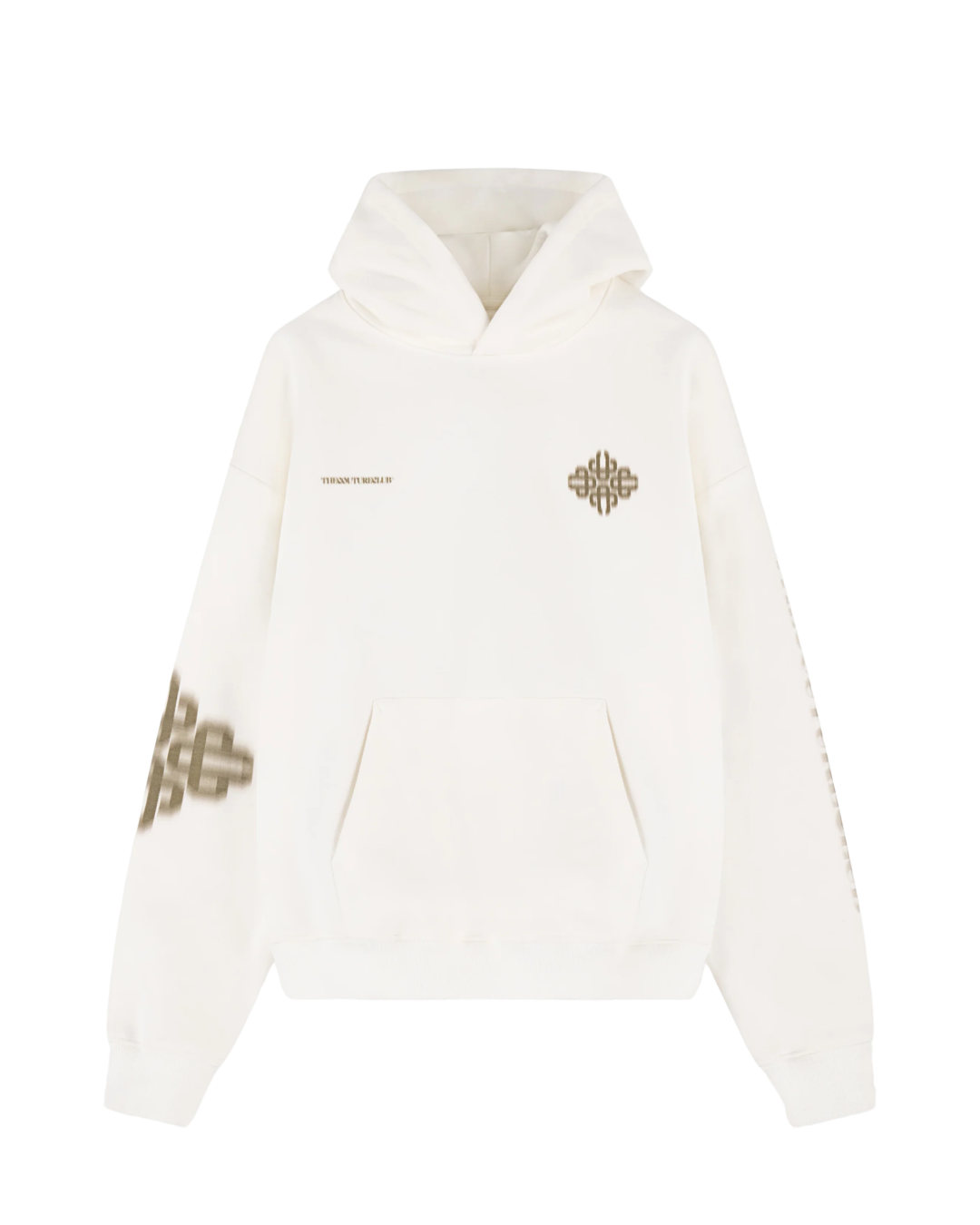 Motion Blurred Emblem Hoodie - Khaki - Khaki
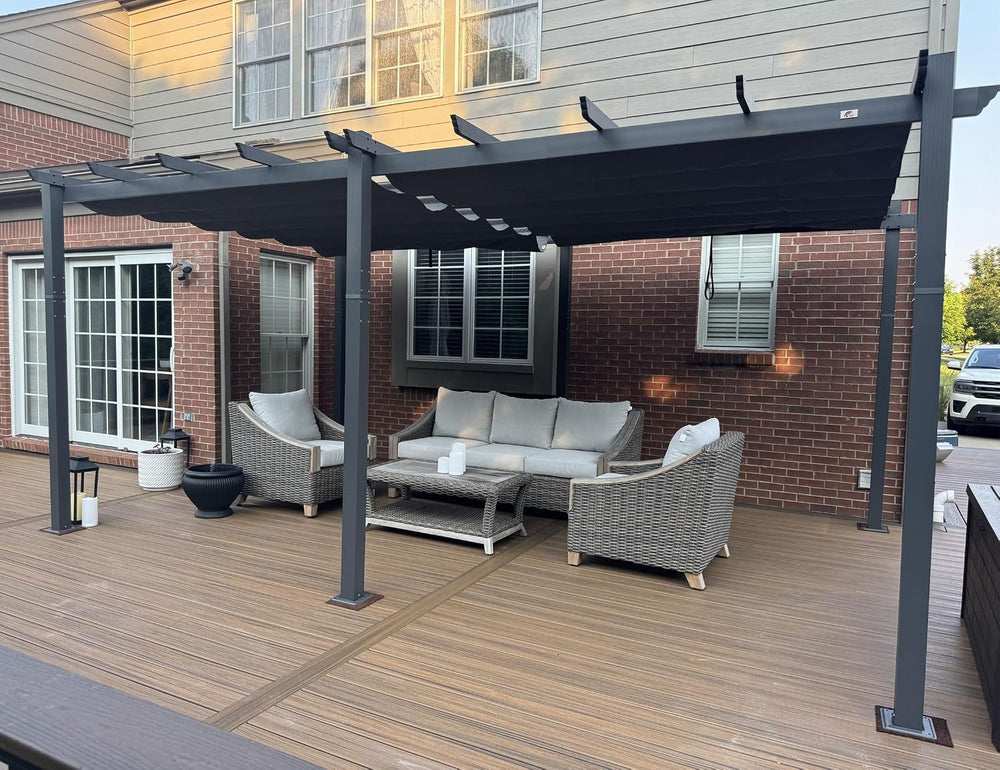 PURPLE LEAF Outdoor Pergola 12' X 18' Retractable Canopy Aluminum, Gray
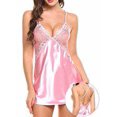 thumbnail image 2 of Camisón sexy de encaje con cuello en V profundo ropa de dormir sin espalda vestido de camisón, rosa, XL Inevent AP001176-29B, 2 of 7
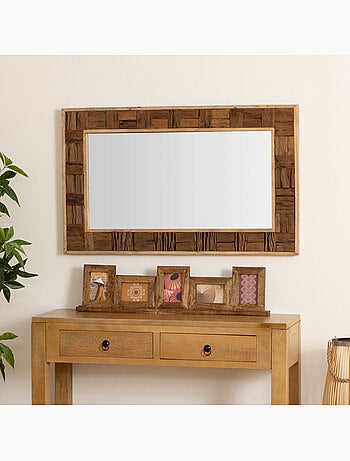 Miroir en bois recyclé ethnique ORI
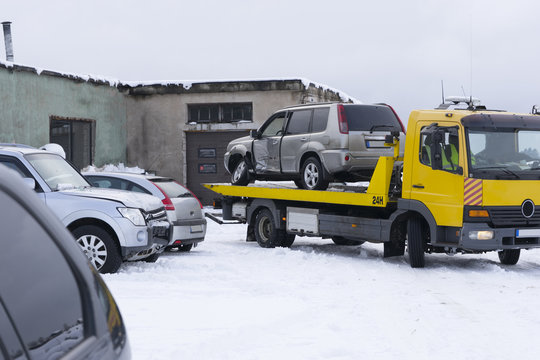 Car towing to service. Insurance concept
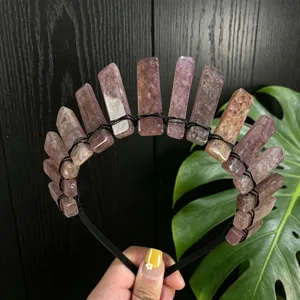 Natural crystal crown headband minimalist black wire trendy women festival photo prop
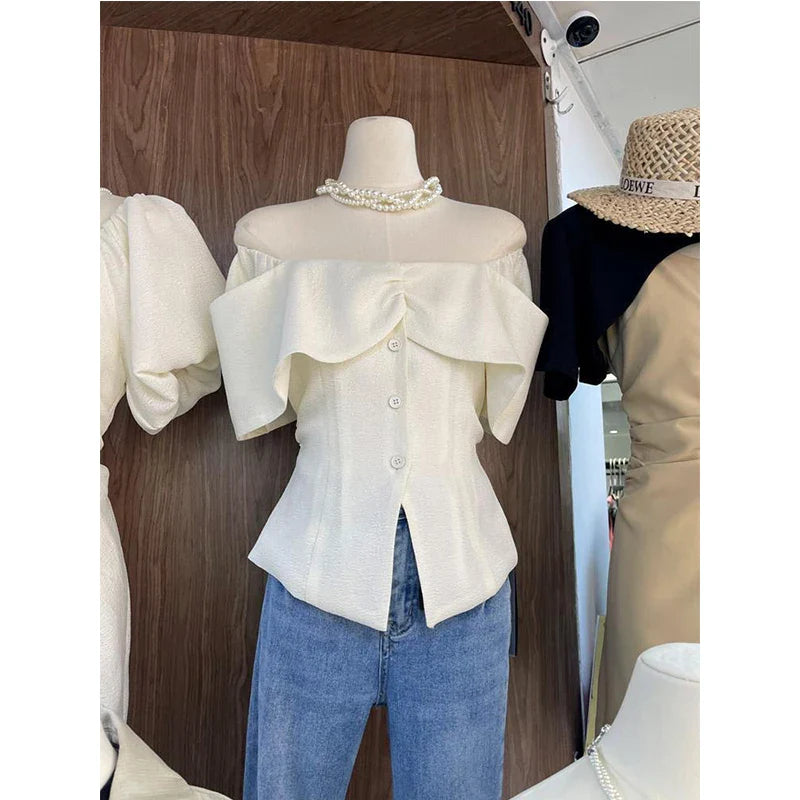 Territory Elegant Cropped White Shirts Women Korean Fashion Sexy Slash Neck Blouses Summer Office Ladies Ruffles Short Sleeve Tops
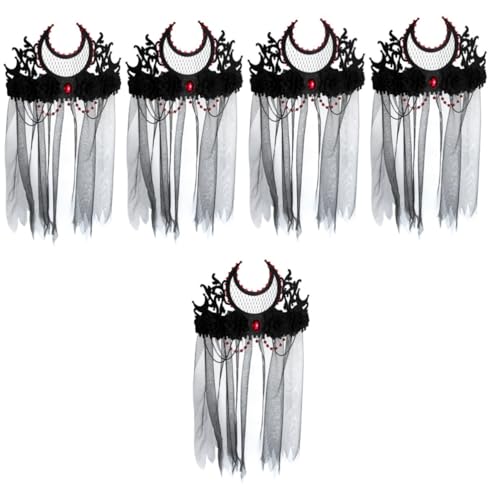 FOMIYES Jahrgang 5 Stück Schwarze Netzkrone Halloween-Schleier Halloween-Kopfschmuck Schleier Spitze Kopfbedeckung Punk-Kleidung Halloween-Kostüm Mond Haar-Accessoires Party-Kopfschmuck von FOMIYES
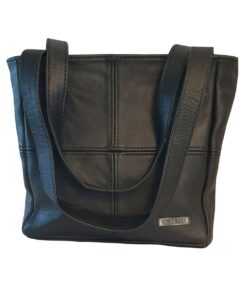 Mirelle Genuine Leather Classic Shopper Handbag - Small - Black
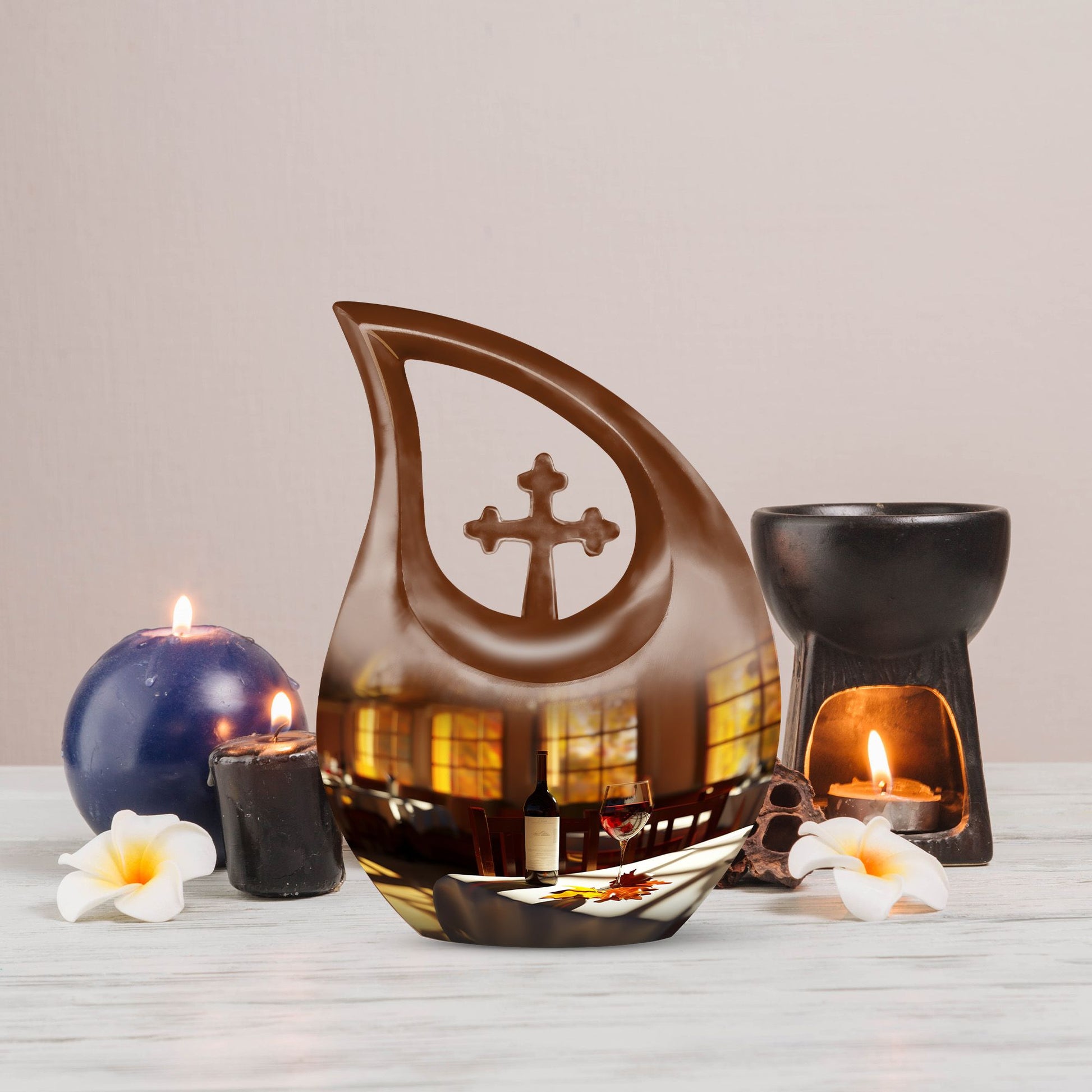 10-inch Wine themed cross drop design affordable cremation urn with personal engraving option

> **Exercise**: Repeat word for word the lines starting at the one with "thumbnail image 2" and ending at the final line of the records above, both included; no pictures.

> **Solution for this problem**:
 thumbnail image 2 of Camisón sexy de encaje con cuello en V profundo ropa de dormir sin espalda vestido de camisón, rosa, XL Inevent AP001176-29B, 2 of 7
 Miroir en bois recyclé ethnique ORI
 Car towing to service. Insurance concept
 Natural crystal crown headband minimalist black wire trendy women festival photo prop
 Territory Elegant Cropped White Shirts Women Korean Fashion Sexy Slash Neck Blouses Summer Office Ladies Ruffles Short Sleeve Tops
 FOMIYES Jahrgang 5 Stück Schwarze Netzkrone Halloween-Schleier Halloween-Kopfschmuck Schleier Spitze Kopfbedeckung Punk-Kleidung Halloween-Kostüm Mond Haar-Accessoires Party-Kopfschmuck von FOMIYES
 Mirelle Genuine Leather Classic Shopper Handbag - Small - Black
 10-inch Wine themed cross drop design affordable cremation urn with personal engraving option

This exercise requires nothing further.